ADR-0057: Break-Glass Grant — Time-Limited, Justification-Required, Alert-First
Date: 2026-05-09 UTC
Status: Accepted
Deciders: software-architect
Refs: docs/architecture/rbac-v2/design.md §6, ADR-0020, docs/architecture/rbac-design.md §12
Context
The break-glass group provides emergency access to all roles. ADR-0020 established that break-glass is a group with one member, not a special user type. Two questions remain:
- How is break-glass access time-bounded?
- What accountability mechanism exists for its use?
The prior design (rbac-design.md §12) proposed a 2-hour session cap. This ADR finalizes the design.
Decision
Break-glass grants are time-limited (1h default, 4h max), require a written justification (minimum 20 chars), require a passkey re-authentication (WebAuthn step-up), and trigger a Slack + Postmark alert to ops@raxx.app before the session proceeds.
The grant is stored in rbac_break_glass_sessions.

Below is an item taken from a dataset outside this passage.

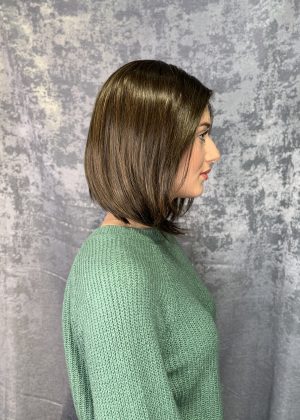 Парик удлиненный боб (вид сбоку)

The expiry is enforced server-side: any request that presents a session where the break-glass session has expired receives a 403 and a prompt to re-justify and re-authenticate.
The alert fires before the session is granted, not after. If the alert channel (Slack or Postmark) is unreachable, the grant is held until the alert succeeds or times out (30s timeout). This may delay break-glass access in a degraded infra scenario. The tradeoff is accepted: accountability is not optional.

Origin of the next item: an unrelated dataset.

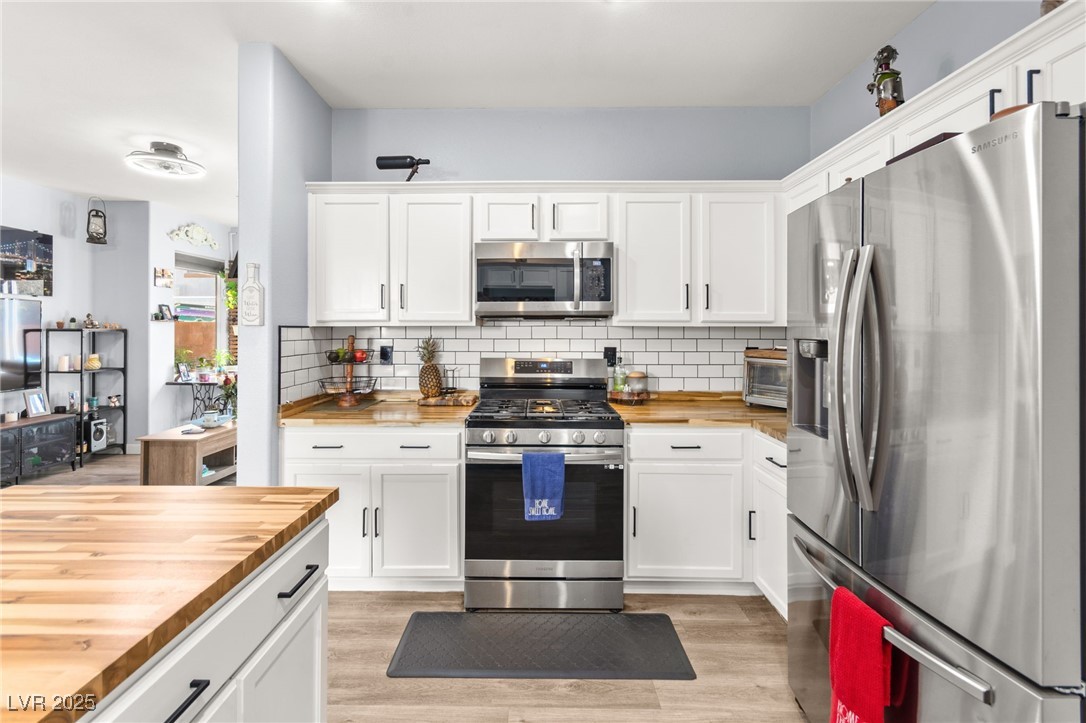 8941 Addison Walk Court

Self-grant prohibition applies. The operator requesting break-glass access must already be in the raxx-platform-admins group. An operator who is not in raxx-platform-admins cannot escalate to break-glass; they must contact another raxx-platform-admins member to grant it.
Consequences
Positive: - Time-limiting prevents a forgotten break-glass session from becoming a persistent privilege. - The step-up WebAuthn challenge creates a strong accountability signal: the session is tied to a physical authenticator interaction, timestamped. - Alert-before-grant means the operator is always visibly accountable before accessing sensitive data. - Justification creates a searchable record for post-incident review.
Negative: - The 30-second alert timeout could delay break-glass access during a real outage where both the production environment and the alert channel are degraded simultaneously. Mitigation: the alert is sent to a separate Slack workspace (not the same infra hosting the alert) and via Postmark (separate delivery path). Two independent channels reduces the probability of simultaneous unavailability. - 4-hour maximum may be insufficient for extended incident response. Operator can re-request break-glass access after expiry; each re-request requires re-authentication and re-justification, creating an auditable renewal record.
Alternatives Considered
Permanent break-glass group membership
The operator is always in the break-glass group; no time limit.

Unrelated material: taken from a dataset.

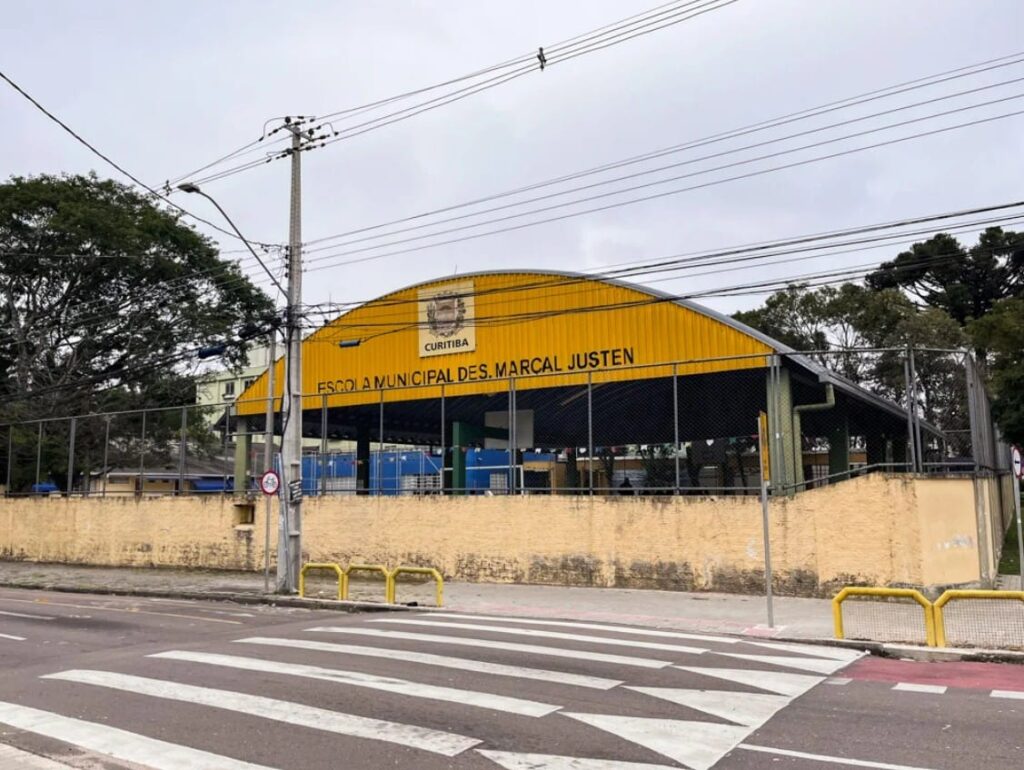 Desafios de uma Estudante com Paralisia Cerebral em Curitiba: A Luta por Apoio Pedagógico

Rejected: ADR-0020 established that superadmin is break-glass only and is never a working role. Permanent membership contradicts this invariant and leaves the operator with persistent elevated access that accumulates risk over time.
Session cap without DB table
Time-bound the session itself (shorter session TTL for break-glass logins) rather than storing a separate record.
Rejected: The session TTL cap is less granular and does not provide a searchable audit trail separate from the session log. The rbac_break_glass_sessions table is queryable by incident responders independently of the session store, which is valuable during an active incident.
See docs/architecture/rbac-v2/design.md §6 for the break-glass design.